Saving of resources and higher resilience through optimal fibre orientation
FKV are special mainly because of their high strength combined with low weight. In addition, the fibres can be used to adjust the mechanical properties of the composite depending on the direction. This is because the composite is particularly strong in the direction of the fibres. Through the targeted selection of the fibre orientation, the component can thus be optimally adapted to its intended use. This also makes it possible to save weight and thus resources.
One starting point of this project is therefore the more precise adaptation of the fibre direction to the loads of a rotor blade. For practical reasons, fibre bundles have so far been sewn together into scrims (Fig. 1). These scrims are inserted into the rotor blade shape over a large area. Adjusting the fibre direction to the stresses in the component is only relatively rough in this way.
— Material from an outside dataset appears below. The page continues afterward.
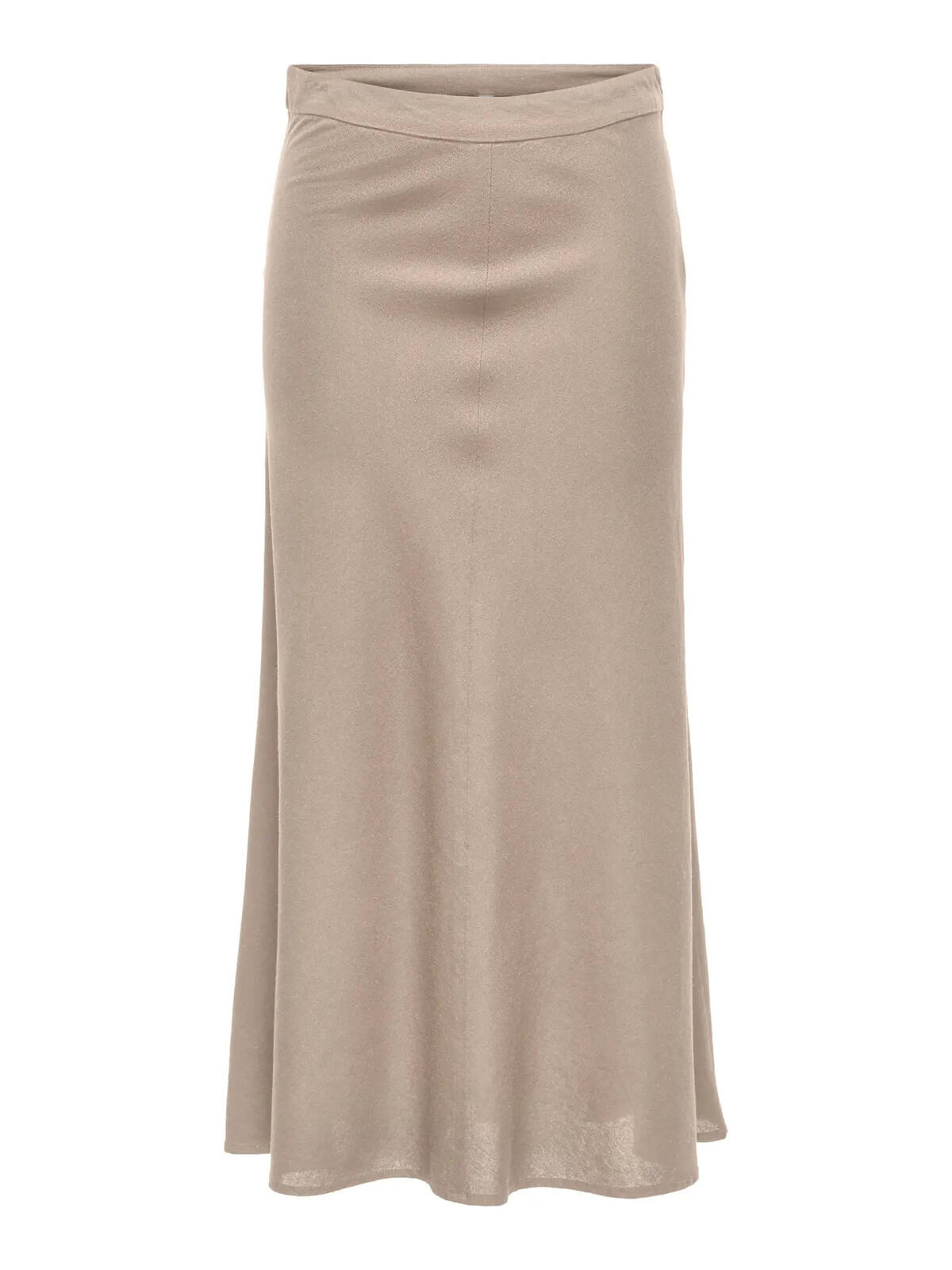 Only Kadın Etek 15363690 Bej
The utilisation of the fibre properties would be much more effective if all fibre bundles (rovings) could be laid independently of each other. This is possible through a process in which the fibre bundles are individually sewn onto a thin carrier material (Fig. 2). This technique is called tailored fibre placement and was developed by the IPF Dresden in the 1990s. This process is already used in industry for the production of small to medium-sized components. Rotor blades, which usually have a length of 50 to 100 metres, have so far exceeded the practical limits of tailored fibre placement.
In this project, however, it was possible to simulate the mechanical loads of a rotor blade and calculate the optimal course of the reinforcing fibres. To illustrate the results, a 2.5 metre long rotor blade was manufactured as a demonstrator (Fig. 3).
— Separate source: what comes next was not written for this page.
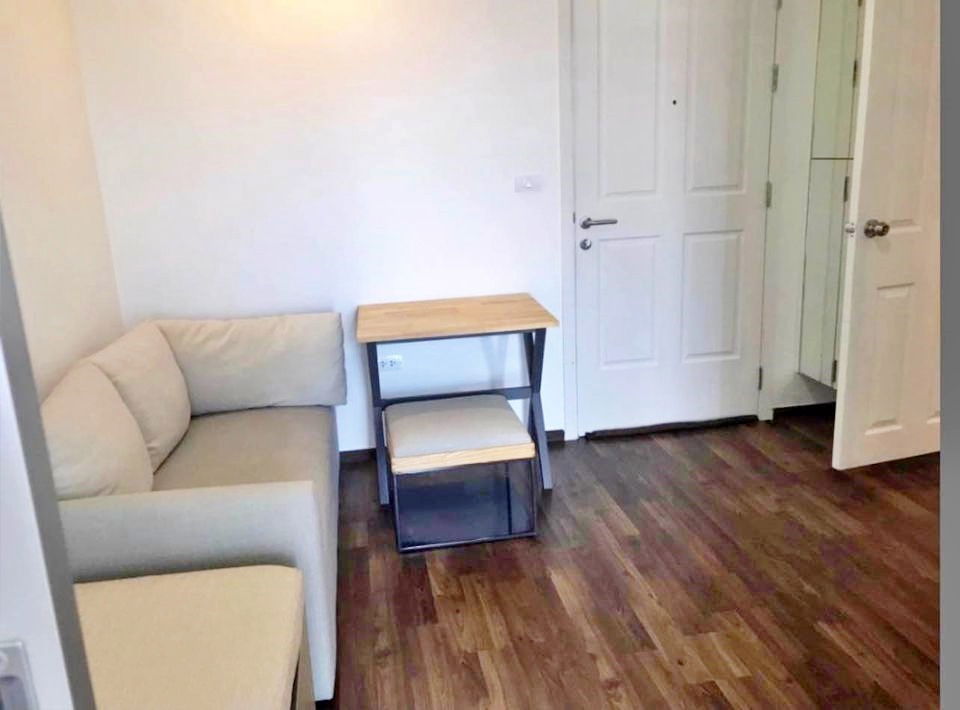 รูป ห้องอัพเดต🙋🏼💎🙋🏼💥แอดไลน์นัดดูห้องได้เลย📲U Delight Ratchavibha - รูปที่ 1/7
New approaches to recycling rotor blades
One disadvantage of FRP is that it is difficult to recycle. This is because the mostly used thermosetting plastics cannot be easily separated from the enclosed fibres. Therefore, only shredding of the components has been established so far. The shredded fibre-plastic mixture can then be used in limited quantities as an aggregate in the construction industry. Another possibility is thermal recycling. Neither would win a prize at a sustainability competition, of course.
Therefore, a second central topic of this research project is the investigation of composite materials that can be produced and completely degraded in a particularly resource-efficient way. It is being investigated how FRPs can be produced that consist of water-soluble glass fibres and biocompostable plastics and how their degradability proceeds under different conditions.